Data listing START

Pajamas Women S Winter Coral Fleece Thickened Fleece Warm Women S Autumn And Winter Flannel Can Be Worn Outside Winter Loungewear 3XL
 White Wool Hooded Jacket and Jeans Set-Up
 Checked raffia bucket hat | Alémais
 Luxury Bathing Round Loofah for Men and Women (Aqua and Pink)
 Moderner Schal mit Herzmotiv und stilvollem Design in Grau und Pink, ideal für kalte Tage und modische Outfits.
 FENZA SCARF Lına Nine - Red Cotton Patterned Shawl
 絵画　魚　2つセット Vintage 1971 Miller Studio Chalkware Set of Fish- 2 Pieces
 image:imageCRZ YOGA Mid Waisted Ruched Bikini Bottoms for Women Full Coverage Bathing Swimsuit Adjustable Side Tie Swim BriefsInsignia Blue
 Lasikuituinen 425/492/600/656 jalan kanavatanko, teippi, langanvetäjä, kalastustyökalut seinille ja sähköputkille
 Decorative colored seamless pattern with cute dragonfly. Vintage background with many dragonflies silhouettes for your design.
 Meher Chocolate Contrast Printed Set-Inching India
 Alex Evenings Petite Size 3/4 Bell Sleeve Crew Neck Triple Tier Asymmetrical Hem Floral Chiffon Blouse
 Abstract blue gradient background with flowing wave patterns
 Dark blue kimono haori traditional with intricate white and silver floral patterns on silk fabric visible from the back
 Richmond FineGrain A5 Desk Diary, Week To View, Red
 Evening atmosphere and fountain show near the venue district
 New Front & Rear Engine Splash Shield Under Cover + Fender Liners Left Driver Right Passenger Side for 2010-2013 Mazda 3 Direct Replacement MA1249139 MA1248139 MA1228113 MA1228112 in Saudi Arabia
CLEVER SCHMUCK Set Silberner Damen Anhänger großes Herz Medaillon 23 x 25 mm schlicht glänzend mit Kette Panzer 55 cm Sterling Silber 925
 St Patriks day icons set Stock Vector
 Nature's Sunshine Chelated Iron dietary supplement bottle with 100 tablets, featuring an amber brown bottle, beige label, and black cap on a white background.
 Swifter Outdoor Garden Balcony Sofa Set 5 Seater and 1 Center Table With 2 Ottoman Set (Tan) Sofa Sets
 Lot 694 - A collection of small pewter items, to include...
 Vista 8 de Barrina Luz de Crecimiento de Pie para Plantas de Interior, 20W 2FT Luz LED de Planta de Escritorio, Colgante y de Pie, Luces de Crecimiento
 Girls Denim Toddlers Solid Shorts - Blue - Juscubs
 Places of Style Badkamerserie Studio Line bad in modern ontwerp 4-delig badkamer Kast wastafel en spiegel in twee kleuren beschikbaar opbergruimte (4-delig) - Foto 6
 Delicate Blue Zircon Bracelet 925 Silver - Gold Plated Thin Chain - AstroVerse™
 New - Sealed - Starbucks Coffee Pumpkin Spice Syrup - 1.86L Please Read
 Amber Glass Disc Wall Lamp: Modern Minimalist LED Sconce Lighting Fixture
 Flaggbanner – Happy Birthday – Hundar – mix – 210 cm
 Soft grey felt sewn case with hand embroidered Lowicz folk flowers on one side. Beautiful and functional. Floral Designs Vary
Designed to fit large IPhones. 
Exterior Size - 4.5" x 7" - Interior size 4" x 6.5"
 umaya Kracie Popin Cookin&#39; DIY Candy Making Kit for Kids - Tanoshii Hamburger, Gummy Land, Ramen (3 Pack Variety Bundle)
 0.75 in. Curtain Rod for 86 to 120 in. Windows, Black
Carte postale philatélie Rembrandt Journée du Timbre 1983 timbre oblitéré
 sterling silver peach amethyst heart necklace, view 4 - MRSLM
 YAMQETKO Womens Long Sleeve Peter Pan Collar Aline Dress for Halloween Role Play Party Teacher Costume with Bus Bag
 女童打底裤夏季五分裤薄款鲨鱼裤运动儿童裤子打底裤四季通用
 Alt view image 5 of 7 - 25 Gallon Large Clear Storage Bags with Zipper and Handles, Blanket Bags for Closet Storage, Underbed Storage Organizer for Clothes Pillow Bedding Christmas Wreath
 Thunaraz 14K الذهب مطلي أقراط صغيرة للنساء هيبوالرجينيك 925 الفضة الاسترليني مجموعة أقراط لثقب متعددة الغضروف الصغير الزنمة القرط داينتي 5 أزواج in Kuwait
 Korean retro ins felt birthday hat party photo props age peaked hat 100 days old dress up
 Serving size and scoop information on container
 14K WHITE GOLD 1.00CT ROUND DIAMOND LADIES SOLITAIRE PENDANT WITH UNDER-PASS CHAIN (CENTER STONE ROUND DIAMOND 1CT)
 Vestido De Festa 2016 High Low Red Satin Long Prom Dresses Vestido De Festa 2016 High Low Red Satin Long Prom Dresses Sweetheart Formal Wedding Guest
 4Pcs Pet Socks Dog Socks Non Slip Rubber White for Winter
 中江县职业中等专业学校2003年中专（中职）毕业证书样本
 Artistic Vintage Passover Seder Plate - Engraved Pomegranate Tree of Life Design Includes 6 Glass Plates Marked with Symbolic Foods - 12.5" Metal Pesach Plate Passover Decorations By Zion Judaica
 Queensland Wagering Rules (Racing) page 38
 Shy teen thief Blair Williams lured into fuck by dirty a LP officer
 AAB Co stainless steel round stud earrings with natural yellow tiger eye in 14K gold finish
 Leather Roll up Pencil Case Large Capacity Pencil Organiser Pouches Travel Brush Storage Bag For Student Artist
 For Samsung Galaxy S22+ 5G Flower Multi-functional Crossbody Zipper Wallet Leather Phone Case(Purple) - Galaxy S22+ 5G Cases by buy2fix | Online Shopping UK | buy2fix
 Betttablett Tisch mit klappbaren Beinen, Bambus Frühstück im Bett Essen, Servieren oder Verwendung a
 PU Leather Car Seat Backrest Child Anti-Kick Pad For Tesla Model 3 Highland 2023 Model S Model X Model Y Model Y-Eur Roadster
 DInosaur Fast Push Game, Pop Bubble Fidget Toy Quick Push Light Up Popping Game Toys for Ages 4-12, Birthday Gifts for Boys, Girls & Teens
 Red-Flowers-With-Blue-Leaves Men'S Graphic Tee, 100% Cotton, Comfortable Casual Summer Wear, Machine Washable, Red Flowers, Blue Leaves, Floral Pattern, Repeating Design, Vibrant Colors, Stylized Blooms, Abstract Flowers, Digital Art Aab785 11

Data listing END

--- Directions ---
Starting with the first line of the listing above, copy each line exactly until you have copied the line containing "Lasikuituinen 425/492/600/656 jalan". Stop there.

--- Exercise result ---
Pajamas Women S Winter Coral Fleece Thickened Fleece Warm Women S Autumn And Winter Flannel Can Be Worn Outside Winter Loungewear 3XL
 White Wool Hooded Jacket and Jeans Set-Up
 Checked raffia bucket hat | Alémais
 Luxury Bathing Round Loofah for Men and Women (Aqua and Pink)
 Moderner Schal mit Herzmotiv und stilvollem Design in Grau und Pink, ideal für kalte Tage und modische Outfits.
 FENZA SCARF Lına Nine - Red Cotton Patterned Shawl
 絵画　魚　2つセット Vintage 1971 Miller Studio Chalkware Set of Fish- 2 Pieces
 image:imageCRZ YOGA Mid Waisted Ruched Bikini Bottoms for Women Full Coverage Bathing Swimsuit Adjustable Side Tie Swim BriefsInsignia Blue
 Lasikuituinen 425/492/600/656 jalan kanavatanko, teippi, langanvetäjä, kalastustyökalut seinille ja sähköputkille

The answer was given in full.